_Exercise objective_
In the records below, repeat word for word only the lines starting at the one that contains "Estudantes sentados em banco de faculdade" and ending at the one that contains "Young Woman carrying", pictures excluded.

_Data provided_
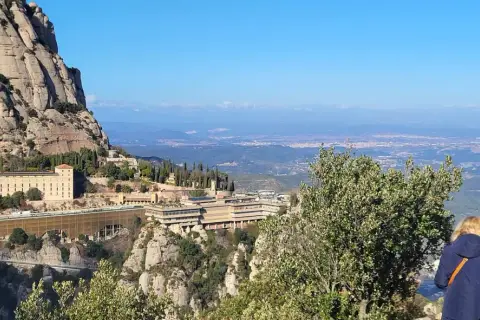 Vista panorámica del monasterio de Sant Miquel de Montserrat, con sus edificios anclados a la montaña y el valle extendiéndose hasta el horizonte.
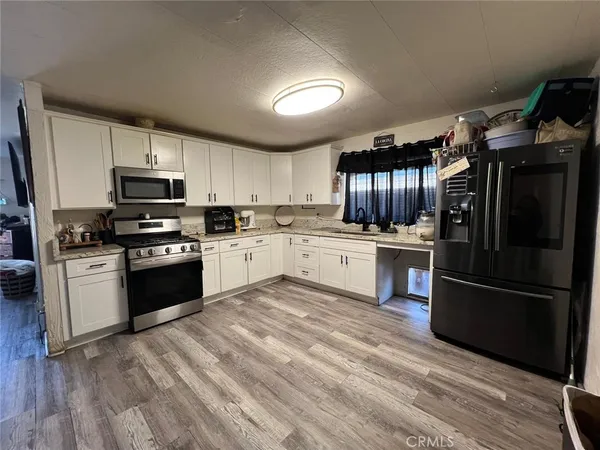a kitchen with granite countertop a refrigerator stove top oven and sink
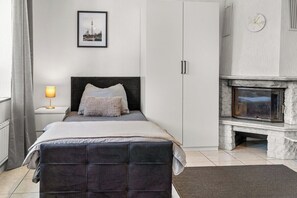 Ein Schlafzimmer mit Bett, Nachttisch, Lampe, Kleiderschrank und Kamin.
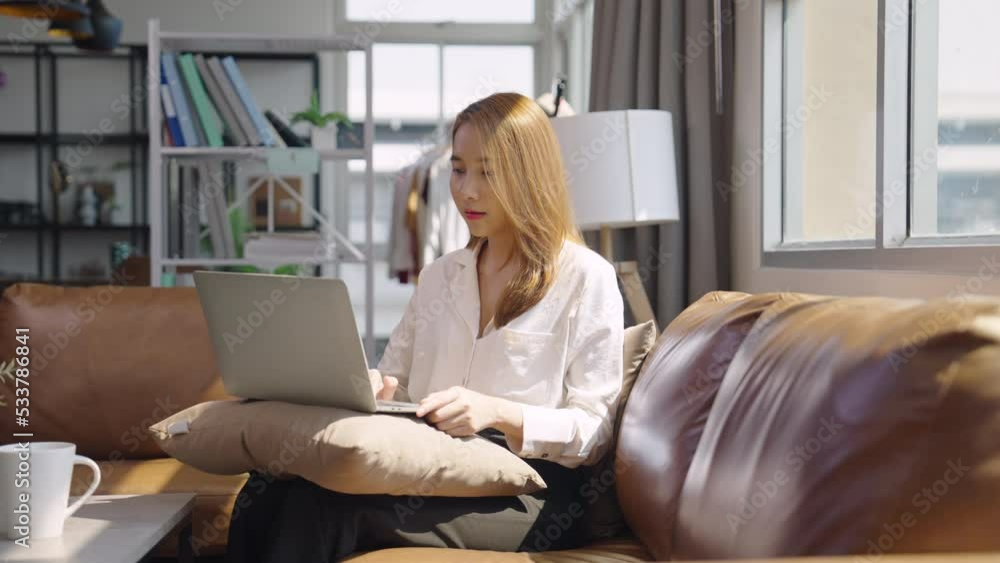 Young Asian female entrepreneur working from home while using a laptop Young Asian female entrepreneur working from home while using a laptop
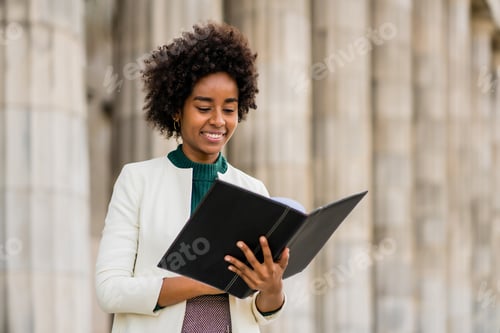 Preview: Afro businesswoman holding clipboard outdoors at the street.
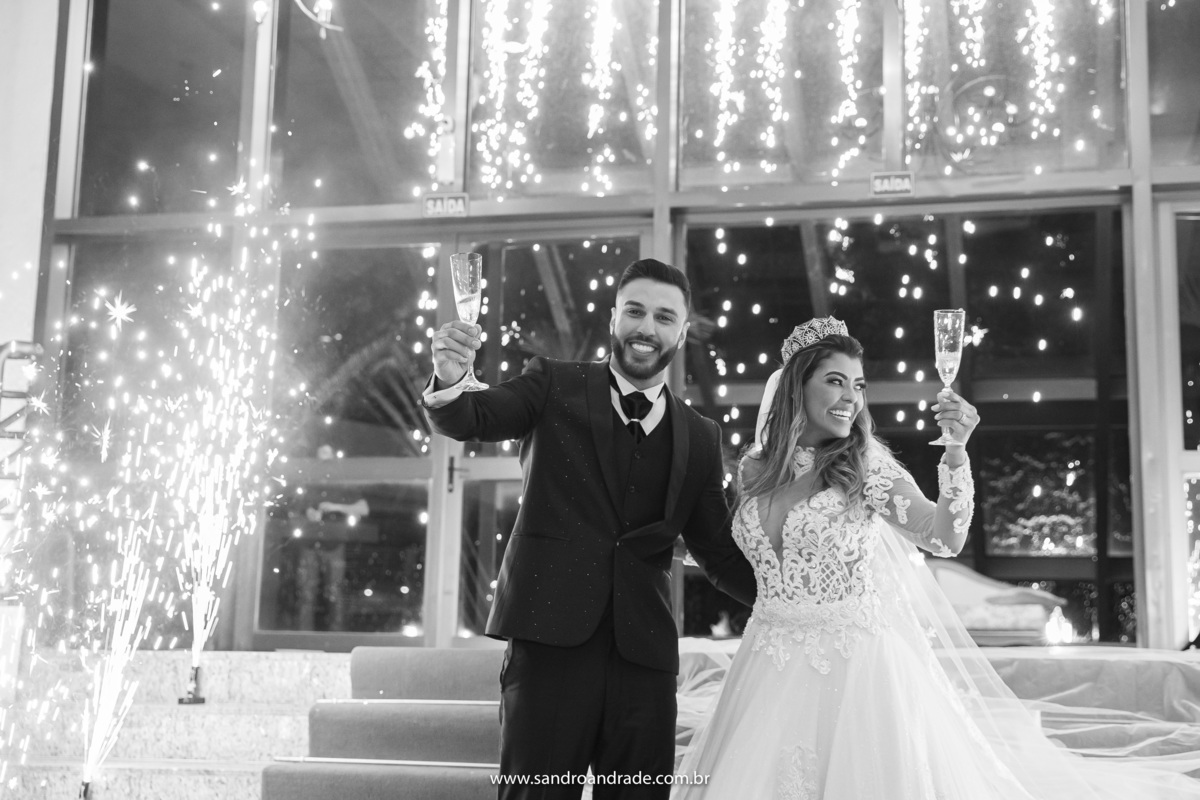 Em preto e branco, retrato do casal com o brinde durante a queima de fogos.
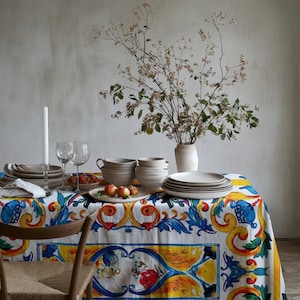 May include: A white tablecloth with a colourful floral pattern features a set of white ceramic bowls and plates, two wine glasses, and a white candle. A bouquet of dried branches in a white vase sits on the table.
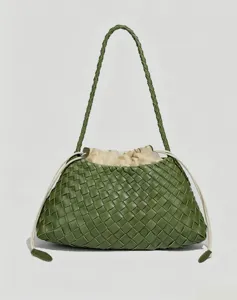 Green woven leather shoulder bag detail, intrecciato design with drawstring closure.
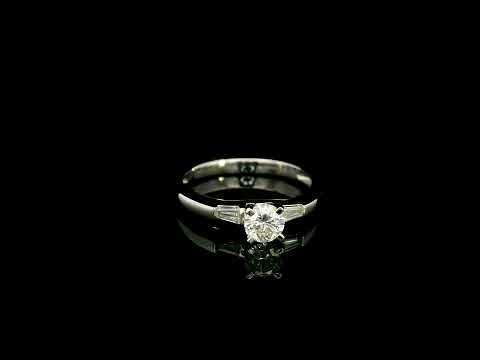 18K white gold round diamond solitaire ring with tapered baguette side diamonds and a classic elegant design.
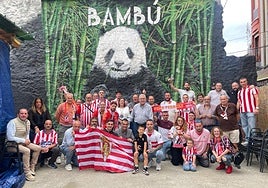 Integrantes de la Peña Ferrero, de Grado, durante la celebración, con la leyenda rojiblanca en el centro.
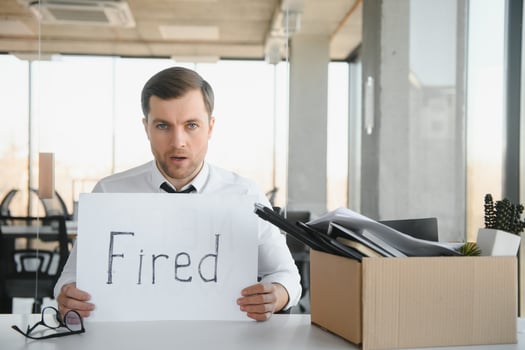 business, firing and job loss concept - fired male office worker with box of his personal stuff. photo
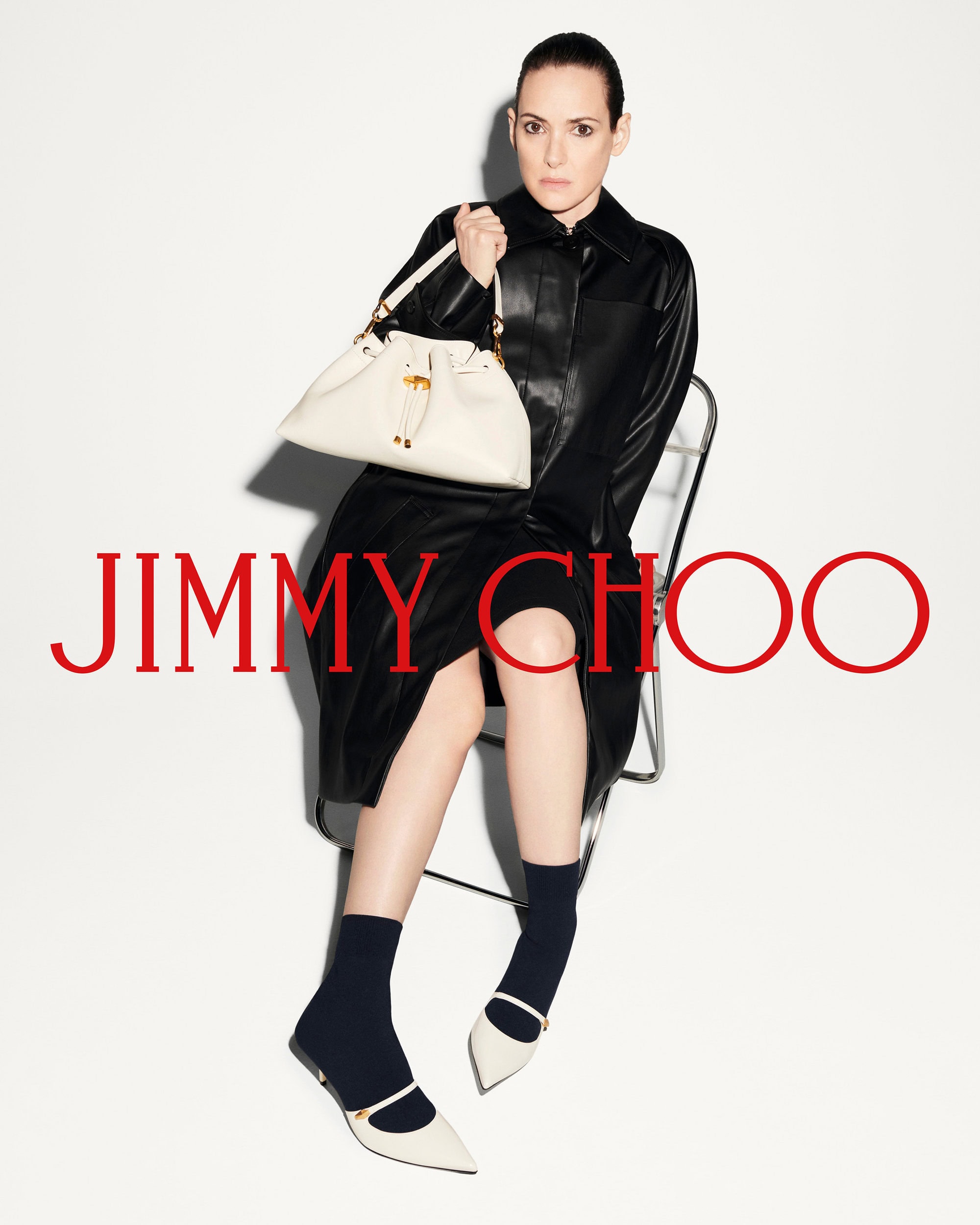 Winona Ryder seated on a chair wearing a black leather coat and holding a white handbag against a seamless white background
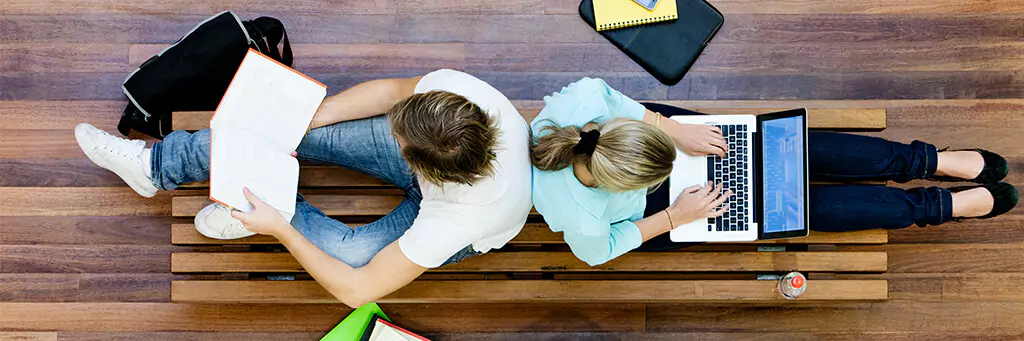 Estudantes sentados em banco de faculdade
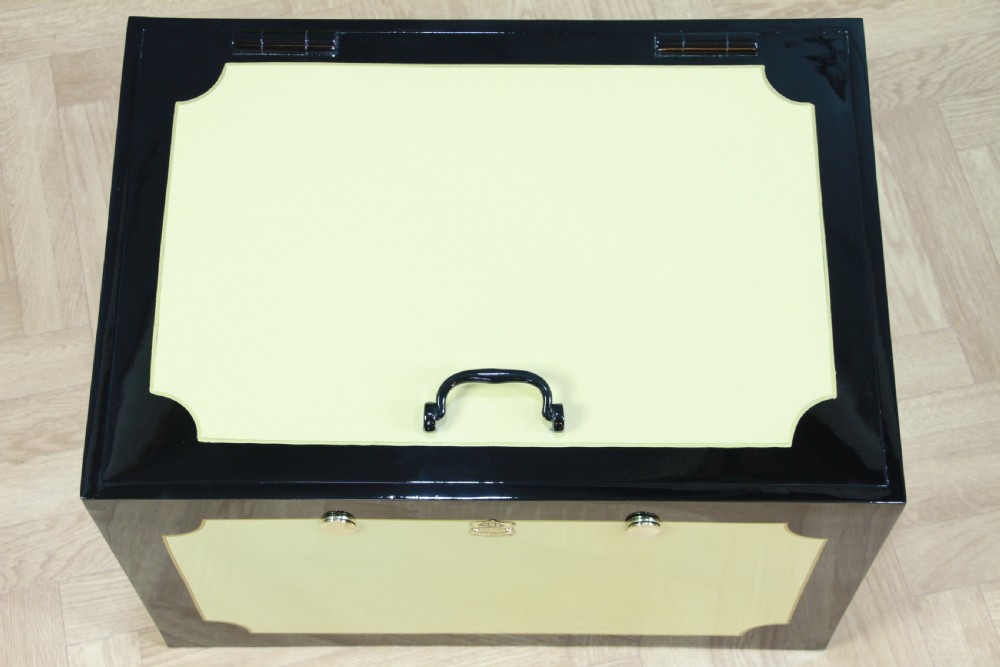 A restored Victorian George Price iron strong box with black painted edges, cream center panels, heavy iron handles, and a brass makers plaque. View VII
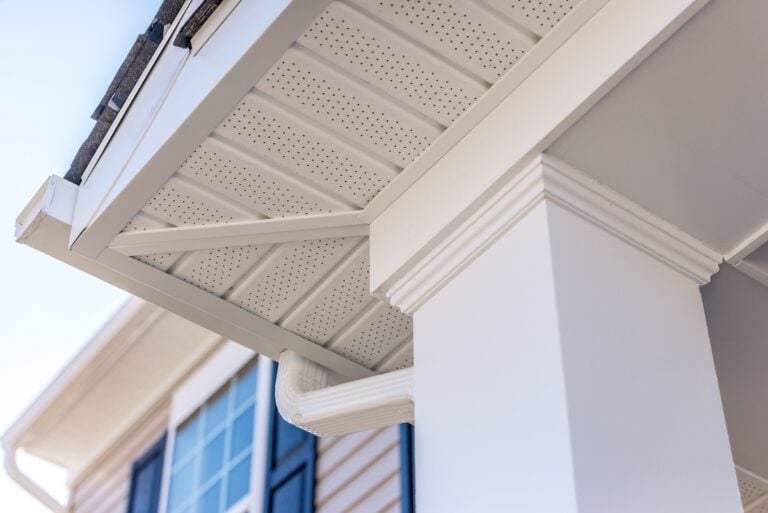 Colonial white custom porch columns with wood looking vinyl column wrap, sheets and molding, white soffit provides optimal ventilation for roof overhangs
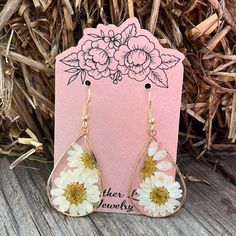 a pair of earrings with flowers on them sitting in front of a pink card that says, mother's day jewelry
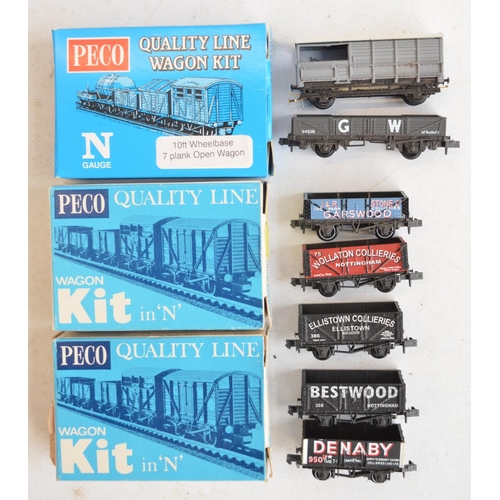 327 - Collection of N gauge rolling stock models from Graham Farish, Peco and Dapol. Contents condition va... 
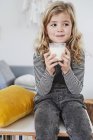 Giovane ragazza in soggiorno con in mano un bicchiere di latte — Foto stock
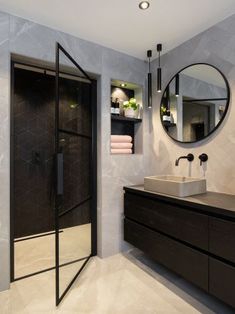 a bathroom with a sink, mirror and shower stall in the corner next to it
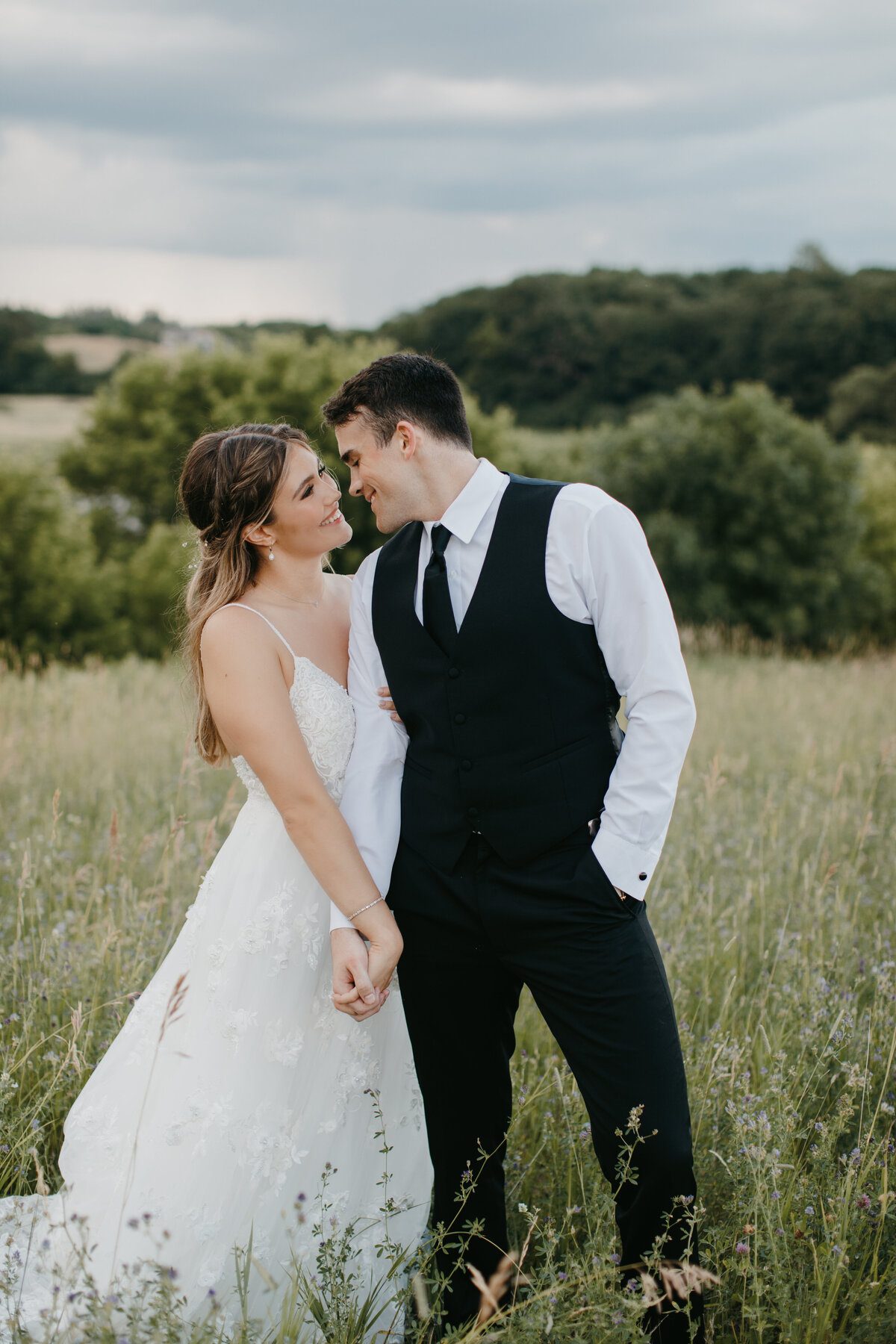 Bride and groom holding hands and smiling at each other in a grassy field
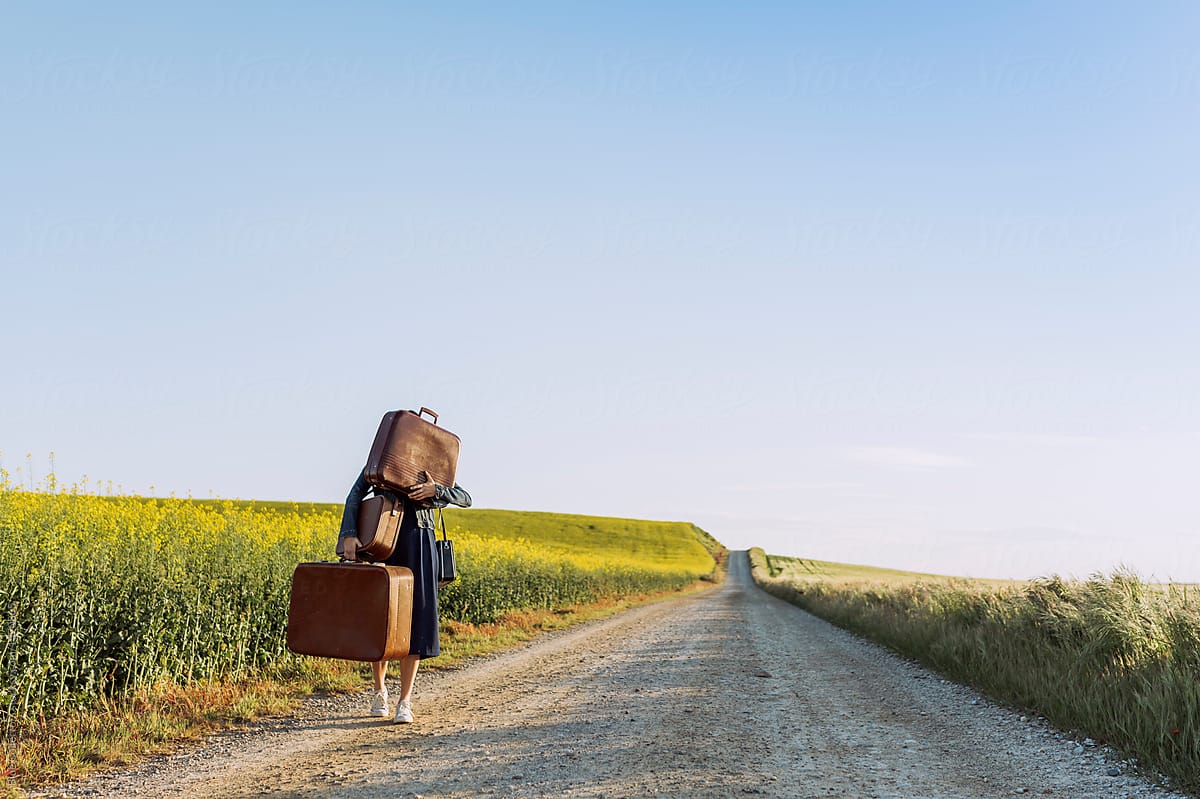 Young Woman carrying many vintage suitcases on a road at springtime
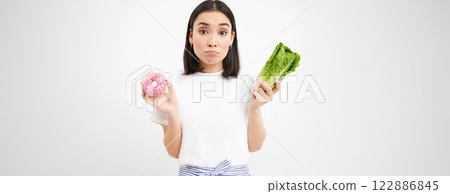 Healthy lifestyle concept. Portrait of sad complicated asian woman, shows doughnut and cabbage, decides between vegetables and diet or delicious junk food, white background 122886845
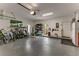 Spacious garage featuring ample storage space, a utility sink, and an exterior door at 1882 Royal Lytham Ct, Port Orange, FL 32128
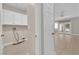 Convenient laundry area with washer/dryer hookups and storage cabinets at 2257 Norway Pine Ct, Las Vegas, NV 89134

_Finished task_
 Estudantes sentados em banco de faculdade
 A restored Victorian George Price iron strong box with black painted edges, cream center panels, heavy iron handles, and a brass makers plaque. View VII
 Colonial white custom porch columns with wood looking vinyl column wrap, sheets and molding, white soffit provides optimal ventilation for roof overhangs
 a pair of earrings with flowers on them sitting in front of a pink card that says, mother's day jewelry
 327 - Collection of N gauge rolling stock models from Graham Farish, Peco and Dapol. Contents condition va... 
 Giovane ragazza in soggiorno con in mano un bicchiere di latte — Foto stock
 a bathroom with a sink, mirror and shower stall in the corner next to it
 Bride and groom holding hands and smiling at each other in a grassy field
 Young Woman carrying many vintage suitcases on a road at springtime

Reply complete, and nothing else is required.